Chill and AZ is an issue but it's the same for Ra and Horus. One card and the nemesis becomes negligible (Null Point for Zero and Flesh of the Sun God for Ra) but both of them are all about one type of damage so it felt wrong to not have them do their signature damage types. It also applies to Ra and the Ennead given how much of their damage is fire.

 

As for typos, quite understand. And I'm irked I missed that Zero. Thought I'd found all of those. Originally, they were called Dark [insert name here] as palceholders while I got the effects right and that's where it must have come from.

 

I have playtested them both, but not with every combination, and they work, although the Dark Sentinels can be a tough fight, especially when fighting around the Pillars of Hercules with Velocity out and then drawing a Power Surge to draw Recruitment. At that point we pretty much gave up as that one turn brought out 5 villain cards.

 

The stories were meant to give overviews of history rather than detail. They're 4 or 5 pages as they are and didn't want Christopher to have to read too much.

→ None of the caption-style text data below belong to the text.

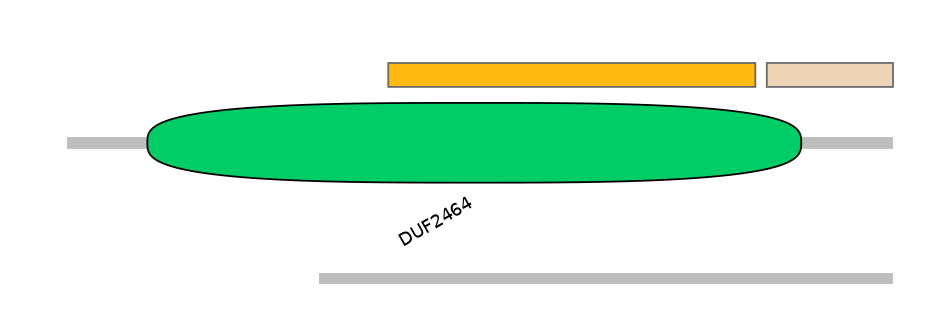 MmuEX0017902-EXC
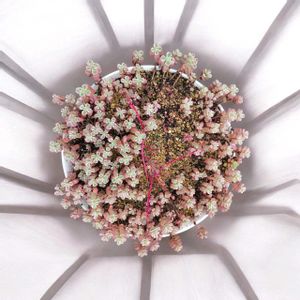 トリカラー,ピンキー,多肉植物,暴れ多肉,年中屋外いけるかな？の画像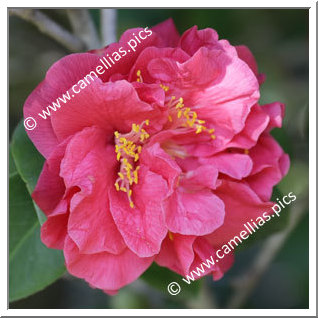 Camellia Japonica 'King Size'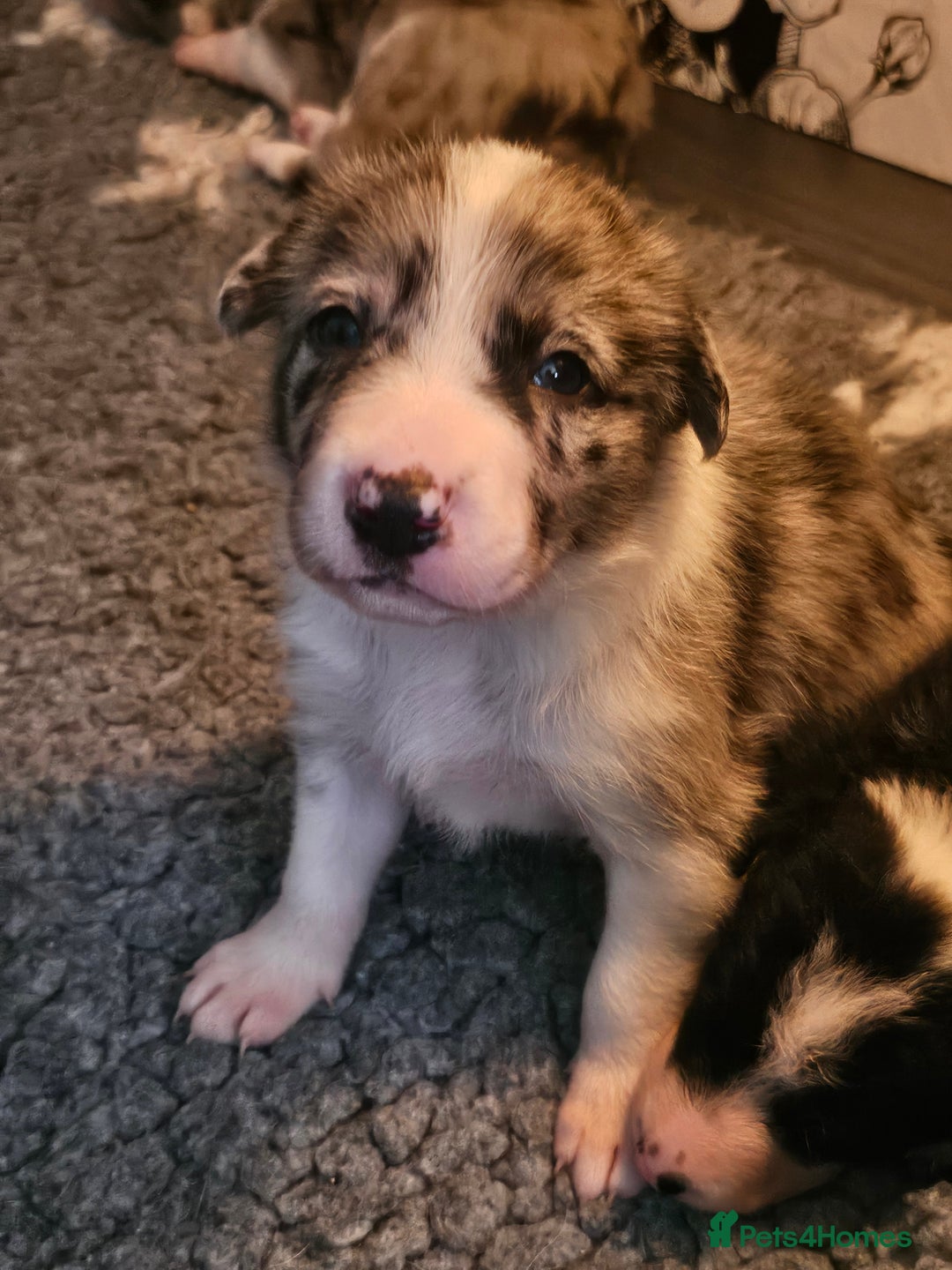 Border Collie dogs for sale: Unique blue merle border collie puppies - Image 1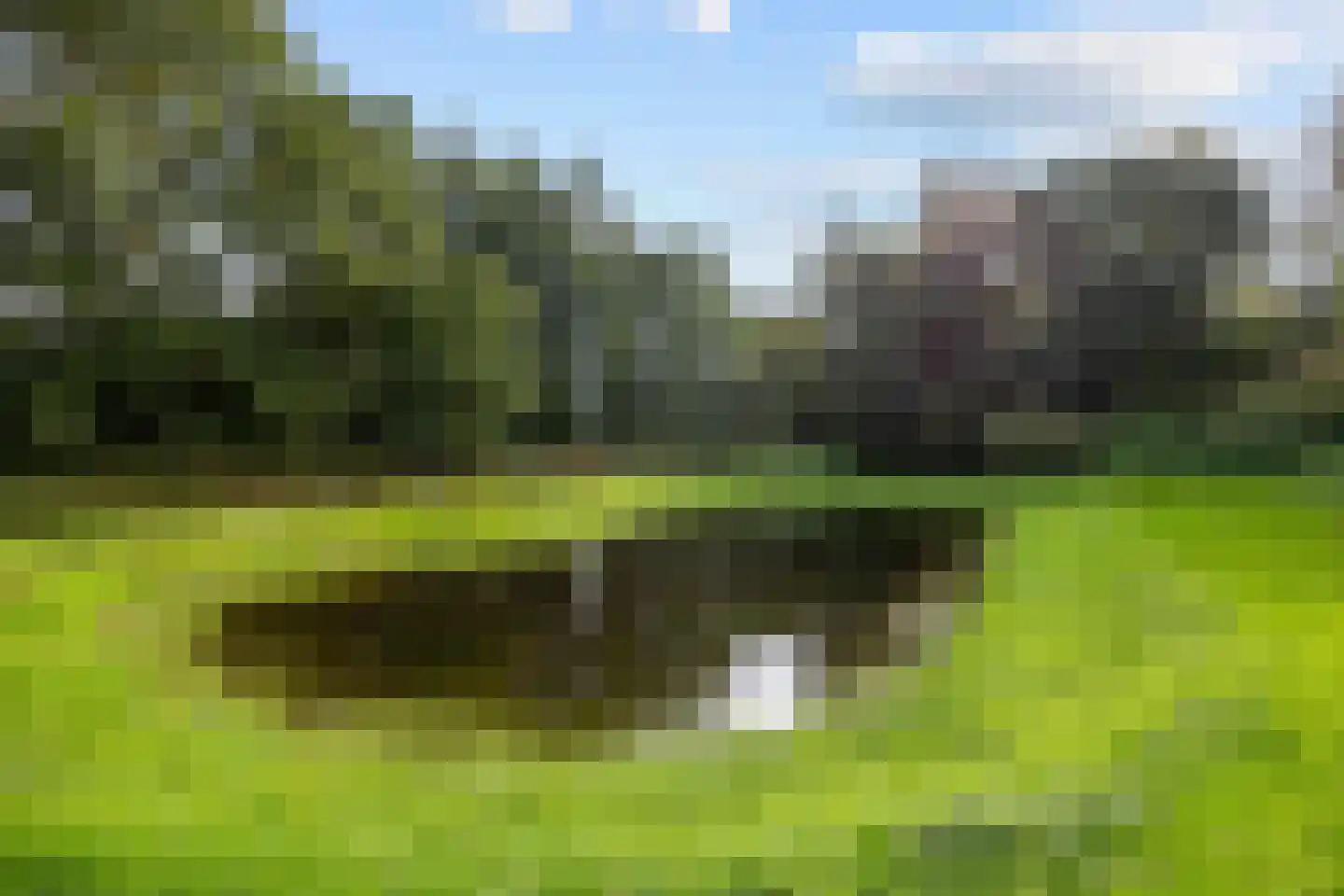 Pierswijk 6 Marum thumbnail 53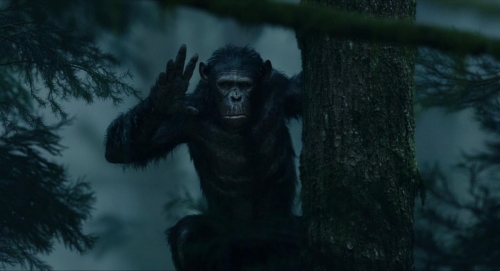 Dawn of the Planet of the Apes 002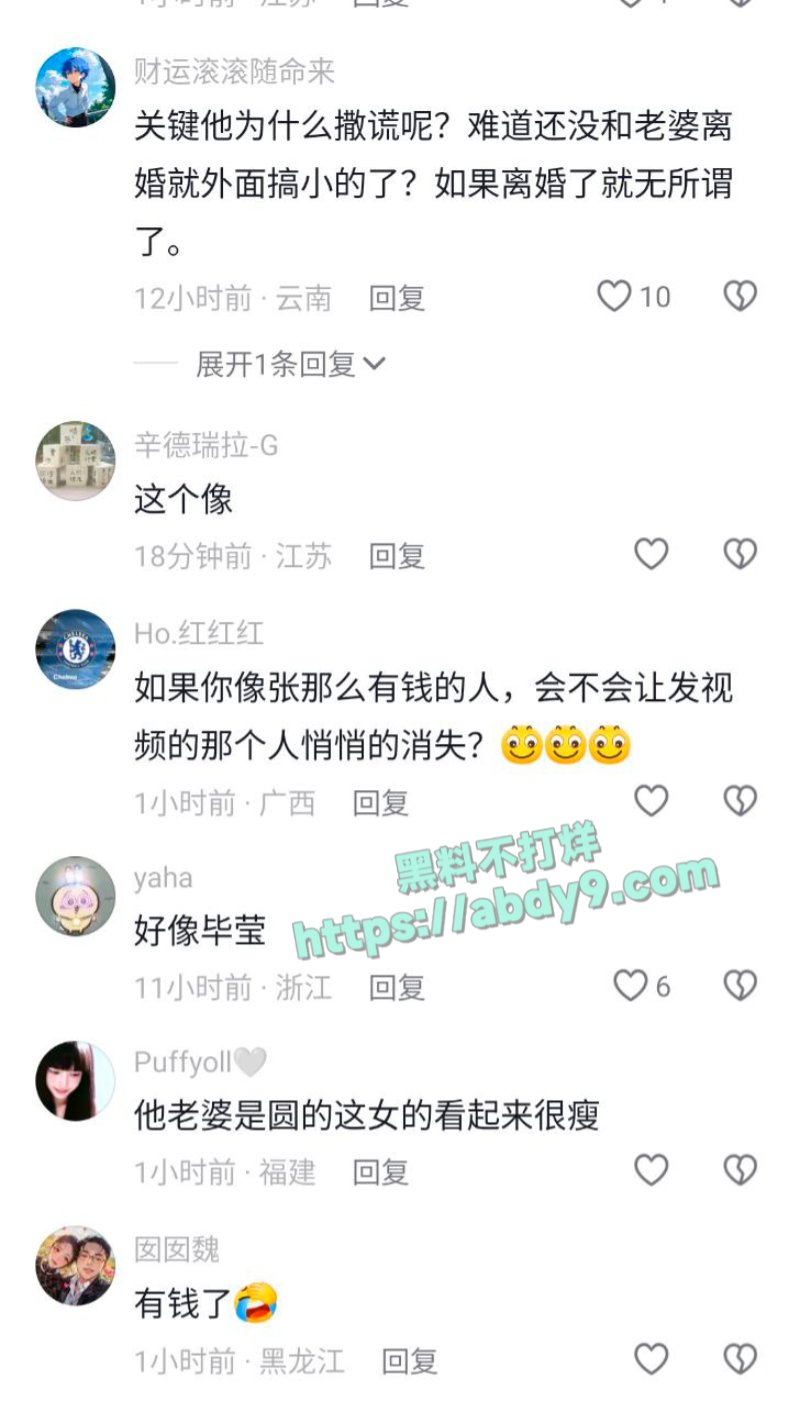 张雪峰带三姐看伍佰演唱会5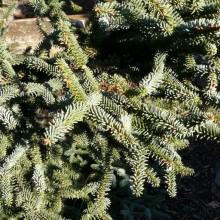 Abies pinsapo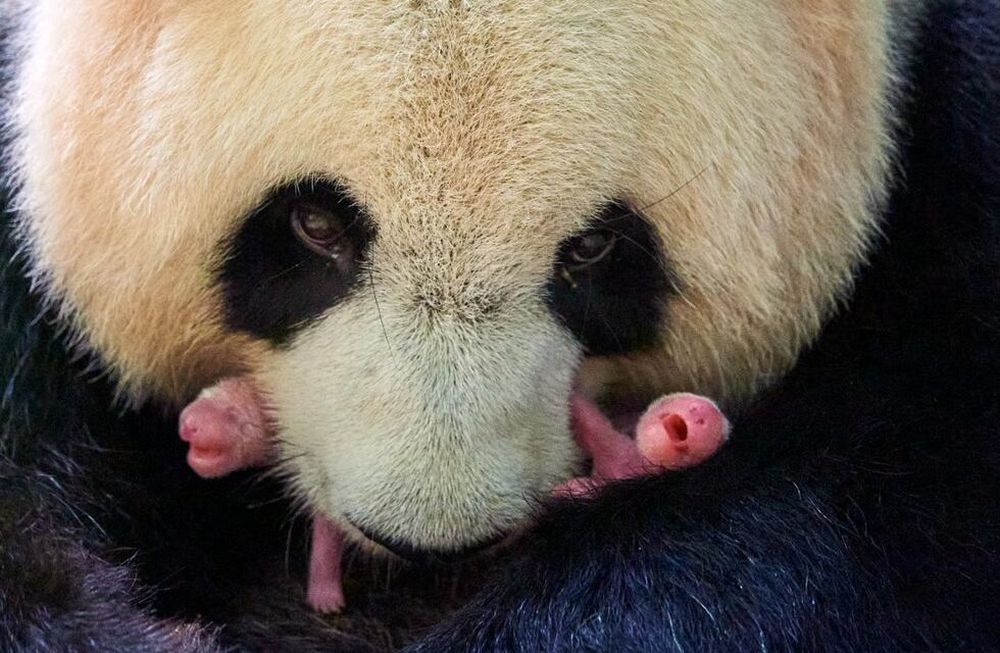 Las crías de panda están en perfecto estado en el Zoo de Beauval. / Archivo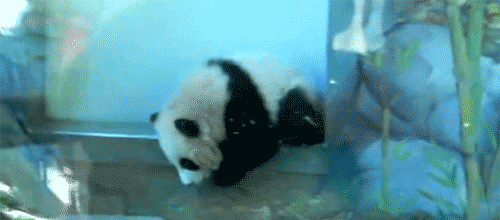 萌宠  熊猫  摔落  可爱  搞笑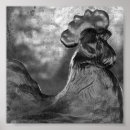 Recherche de verre posters Photographie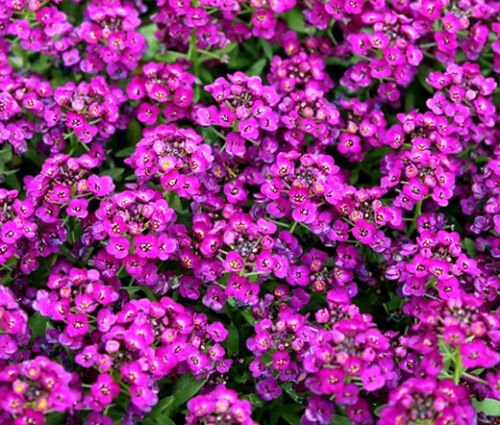 AMARANTHUS EARLY SPLENDOR Amaranthus Tricolor - 100 ct for germination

Doc Darwin would be equally annoyed at his inferiors if they kept bothering him with trivialities rather than letting him get on with his work but you have a point. I wanted him to be a genius before augmentation but not so far out that the augmentation was irrelevant.

The history for the Dark Sentinels is a bit sparse compared to some of the others, but just giving them each a sentence introduction was adding to the size while I was trying to keep it down.

 

Thanks again for the comments.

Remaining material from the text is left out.